Institutional Repository of Key Laboratory of Marine Ecology & Environmental Sciences, CAS
|Place of Conferral||北京|
|Keyword||度夏 环境因子 油脂积累 呼吸率 基因表达|
|Other Abstract||Calanus sinicus is the dominant species of zooplankton in the Yellow Sea and East China Sea, which plays a key role in marine ecosystems of the Yellow Sea and East China Sea. The population dynamics of C. sinicus could affect the structure and function of marine ecosystem. In summer, C. sinicus over-summers inside the Yellow Sea Cold Water Mass (YSCWM) to conserve population abundance. However, the mechanisms of initiation and termination of over-summering are still unknown. Here, we conducted laboratory controlled experiments and field studies to explore the mechanism of over-summering and the effects of temperature and food.|
The lipid reserve in oil sacs is the main energy resource for over-summering C. sinicus to survive. The lipid accumulation of C5 copepodids (C5s) would affect the success of the over-summering. Given the temperature and food conditions in the YSCWM in late spring, we systematically studied the effects of temperature (e.g. constant temperature and temperature difference), food concentration and food type (diatom and natural diets) on the lipid accumulation of C. sinicus. The lipid was accumulated most in C5s, and then was consumed as gonad developed. At low temperatures, C. sinicus stored more lipid than at high temperatures by reducing the energy cost at colder temperatures. Larger diurnal temperature differences (10–16 and 10–19 °C) could promote the lipid accumulation, and the oil sac proportions (OSV%) of C5s were 1.8–6.1 time of those at 16 or 19 °C. C5s accumulated more lipid as the food concentration increased. Diatoms were the main food resource for lipid accumulation in C5s.

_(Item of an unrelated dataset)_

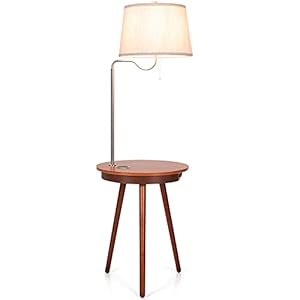 COSTWAY Staande lamp bijzettafel, 3-in-1 staande lampen, stoffen lampekap & houten bijzettafel, inclusief USB oplaadpoort, 220V stopcontact & draadloze oplader, vloerlampen woonkamer slaapkamer studeerkamer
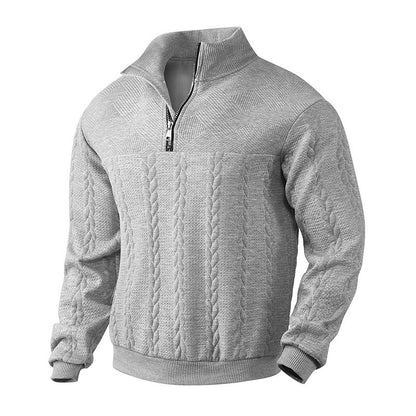 Men's knitted pullover with modern stand-up collar and practical zipper Skorter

We compared C. sinicus captured insisde and outside the YSCWM in late spring, 2014. In late spring, the Chl a concentration was lower inside the YSCWM. However, the C5s inside the YSCWM had 32% lower metabolic rates and 1.4 time larger oil sacs than those outside. All the C5s inside the YSCWM were in pre-apolysis, indicating inactive molting development. Therefore, the C5s inside the YSCWM might suppress molting, reduce metabolic activity, and assign most energy to lipid accumulation other than molting. In addition, the OSV% of C5s in the bottom of YSCWM were 1.9—4.2 times of those in the surface layers. Thus, wih enough lipid accumulation, C. sinicus preferred to stay inside the bottom of the YSCWM.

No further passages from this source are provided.